Have you ever found it difficult to get to church consistently, let alone actively engage with God when you’re there? While seasons of spiritual dryness can be a normal part of the Christian experience, worshipping with other believers is a vital and enriching part of our ongoing discipleship and faith development.
The importance of worshipping together
The practice of ‘worship’ is more than just a weekly routine or Sunday ritual. It is any time we gather with other believers with the intention to meet with God Himself. (Ps 42:2) Historically speaking, regularly gathering with other believers to worship God has been a key rhythm of Christian life and faith for more than two thousand years. And while the expressions of gathered Christian worship throughout history – and still today – are culturally, theologically, experientially and philosophically diverse, worshipping God together remains an important part of Christian discipleship and of healthy Christian communities around the world.
The historical precedent for gathering with other believers to worship God is more than just “tradition”, it is affirmed by Scripture. Gathered worship is an assumed part of the life of the Christian communities when the Apostle Paul provides instructions for harmonious and ordered worship in 1 Timothy 2 and 1 Corinthians 14.
Worshipping God together is one way that believers are strengthened and encouraged to persevere in the faith, which is why the writer to the Hebrews instructed that the believers should “not give up meeting together, as some are in the habit of doing” (Hebrews 10:25a).
Because we have been made in God’s image, the nature of the Trinity reveals the essentially relational nature of our lives. Worshipping God together in community and relationship honours and reflects the relational nature of God in us. It also affirms the truth Paul describes in 1 Corinthians 12, that all of the parts of the Body of Christ need to work together in order for the Body to be healthy and strong. Contextually, looking through the book of 1 Corinthians, working together as the Body includes worshipping together.
Overcoming worship inertia
So if gathering to worship God with other believers is so important, worthwhile and consistent with Biblical instruction and example, why do we often find it so difficult to do? Even if we do continue to worship with other believers regularly, how do we consistently maintain a high level of participation and a sense of expectancy that God will be present and active in the midst of our worshipping community? How do we allow the Holy Spirit to work through our worship gatherings to help shape and form us in the likeness of Christ?
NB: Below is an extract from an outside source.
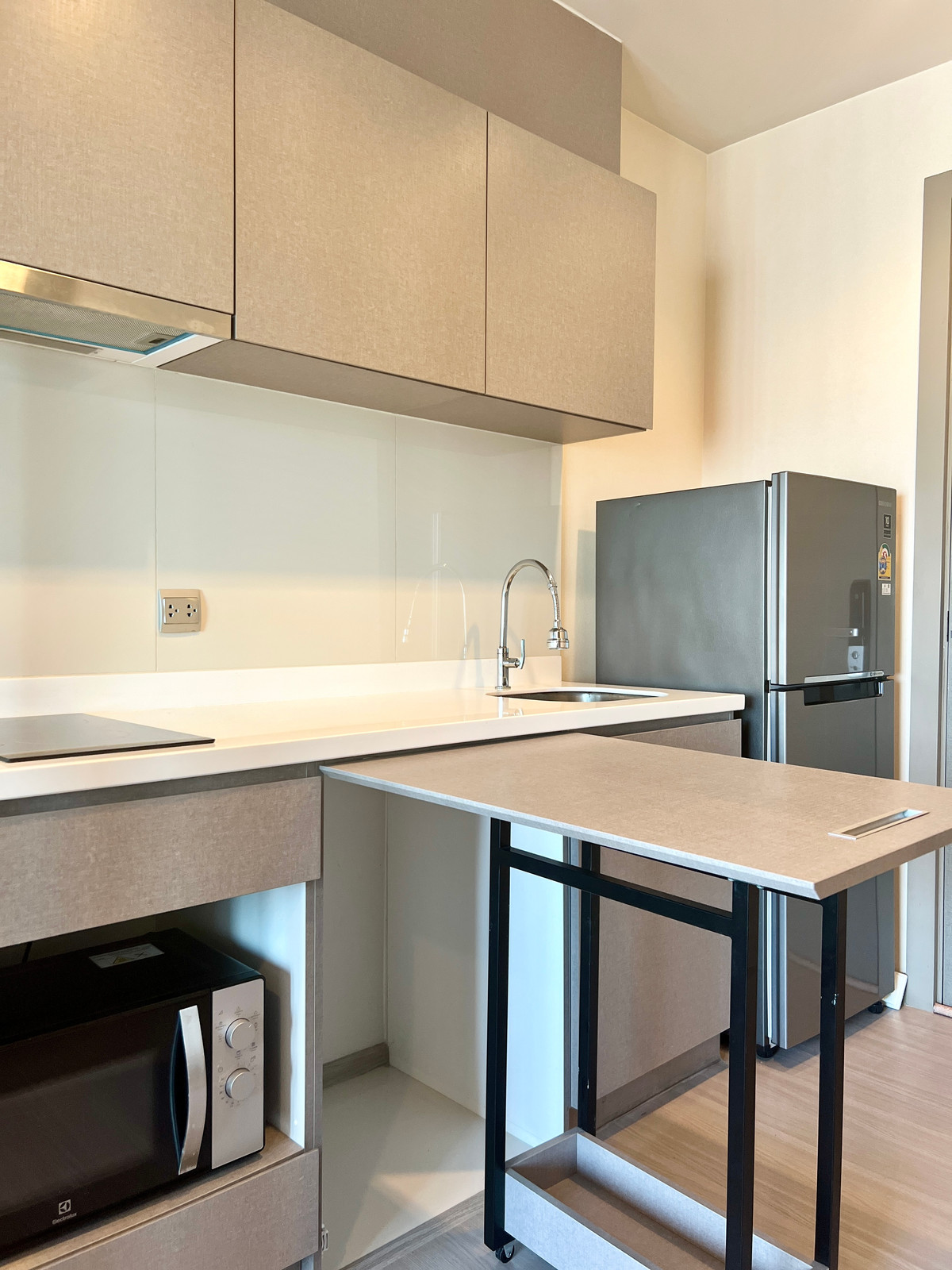 For RentCondoRama9, Petchburi, RCA : Life Asoke Rama 9 for rent, 18,000 baht/month [#HI1220]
While there are multiple factors that can influence our attitudes and habits when it comes to participating in church life, the biggest factor governing our participation and engagement in worship is our choices. No one can make us worship God. To be authentic, worship, like love, must be offered freely. Our own heart attitudes and the decisions we make about worship will directly correlate with the fruitfulness of our experience when we gather to worship with other believers.
So how can we overcome worship inertia and seek to maintain a vital and fruitful experience of worshipping God with other believers each week? We overcome the inertia by preparing ourselves for worship. So many factors around communal worship are out of our control, so instead of trying to change how other people do things, we can only be truly responsible for the state of our own heart before God. Our worship is dependent on two things: God (who is eternally and consistently worthy of our worship) and our personal choice to glorify Him with our words, our prayers, our songs, and with all of our heart, soul, mind and strength.
Seven ways to prepare for worship:
Here are some suggestions for ways that we can help ourselves be consistently engaged in corporate worship in order for it to be a fruitful spiritual discipline over a lifetime of Christian faith:
Know your why for worship. Have a heart conviction about the importance of worshipping with other believers.
Simply go. Make the decision to worship and consistently follow through on your commitment to meeting with God in the context of a community of faith.
Arrive early to church in order to allow yourself the opportunity to fully engage in the narrative of worship. Lateness is a distraction to you and to others and detracts from the communal nature of the worship experience.
Take time before each worship service to slow your heart and mind from the busyness of the week. Allow yourself to be fully present in heart and mind to what God wants to say to you and do through you.
Offering a “sacrifice of praise” (Heb 13:15) might mean being willing to forego your personal preferences to engage with God and worship Him anyway.
Make a decision to grow by applying what you hear, see, feel, learn and experience throughout the worship gathering into your everyday life. Ask the Holy Spirit to help you discern how to do this.
Your worship is obviously not limited to the songs, prayers and practices of the worship gathering. You overflow worship when your gratitude and praise toward God becomes a blessing to others through loving service, humble generosity and active concern for the welfare of other people.
As we genuinely engage with God and others in worship, and see this as a fruitful spiritual discipline that is helping us grow in faith and Christlikeness, we will continue to seek and see God’s presence. Because our natural inclinations and cultural conditioning can lead us toward consuming church rather than being the church, a little bit of preparation can go a long way toward helping our experience of gathered worship continue to be a vital part of our discipleship.